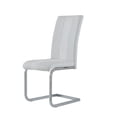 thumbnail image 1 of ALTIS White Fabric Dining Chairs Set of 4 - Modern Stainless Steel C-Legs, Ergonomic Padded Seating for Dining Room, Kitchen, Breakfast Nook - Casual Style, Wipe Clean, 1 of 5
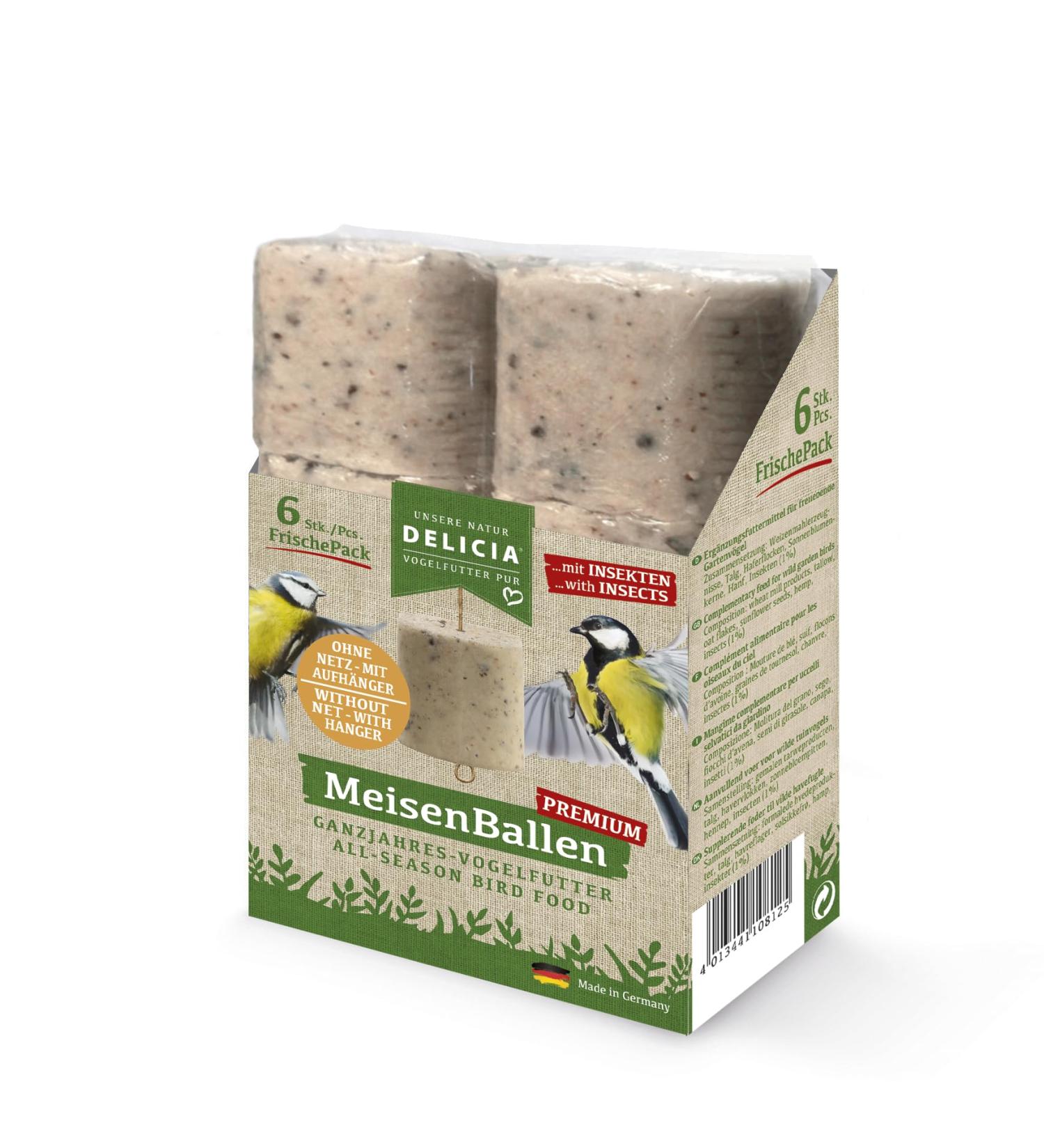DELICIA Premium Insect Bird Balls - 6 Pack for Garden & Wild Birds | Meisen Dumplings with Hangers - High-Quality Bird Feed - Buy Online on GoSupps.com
* * *
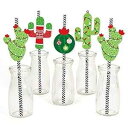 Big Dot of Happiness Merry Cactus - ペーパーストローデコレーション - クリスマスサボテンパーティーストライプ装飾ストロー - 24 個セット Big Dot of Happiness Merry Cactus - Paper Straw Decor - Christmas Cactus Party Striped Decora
* * *
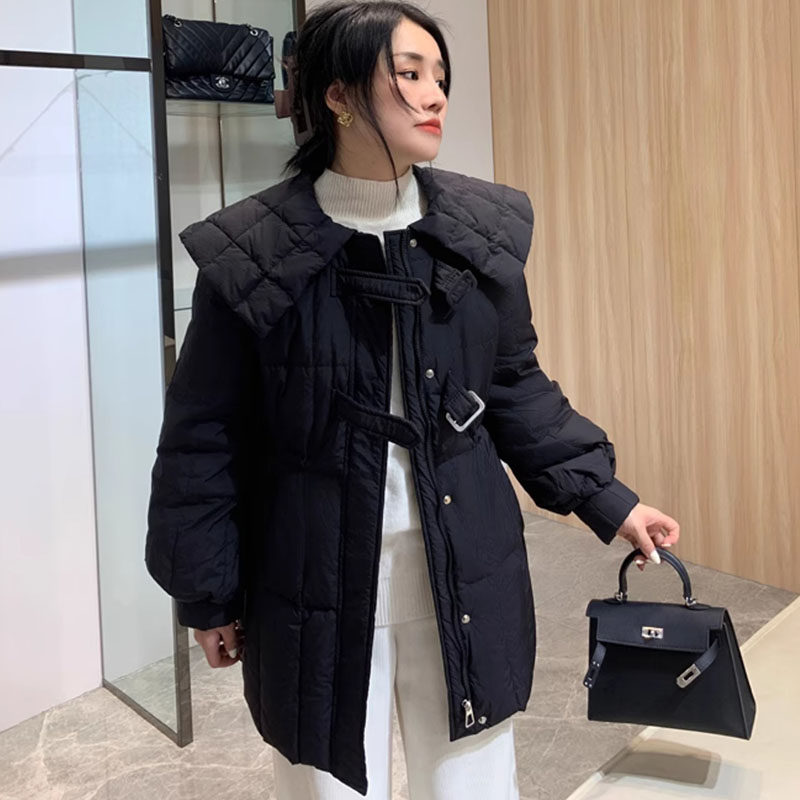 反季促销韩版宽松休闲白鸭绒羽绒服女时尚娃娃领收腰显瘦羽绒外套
* * *
* [About this task]
Word for word, retype the lines in the entries above that run from the one with "thumbnail image 1" through the one with "DELICIA Premium Insect". Both ends count; pictures do not.

* [Answer to the exercise]
 thumbnail image 1 of ALTIS White Fabric Dining Chairs Set of 4 - Modern Stainless Steel C-Legs, Ergonomic Padded Seating for Dining Room, Kitchen, Breakfast Nook - Casual Style, Wipe Clean, 1 of 5
DELICIA Premium Insect Bird Balls - 6 Pack for Garden & Wild Birds | Meisen Dumplings with Hangers - High-Quality Bird Feed - Buy Online on GoSupps.com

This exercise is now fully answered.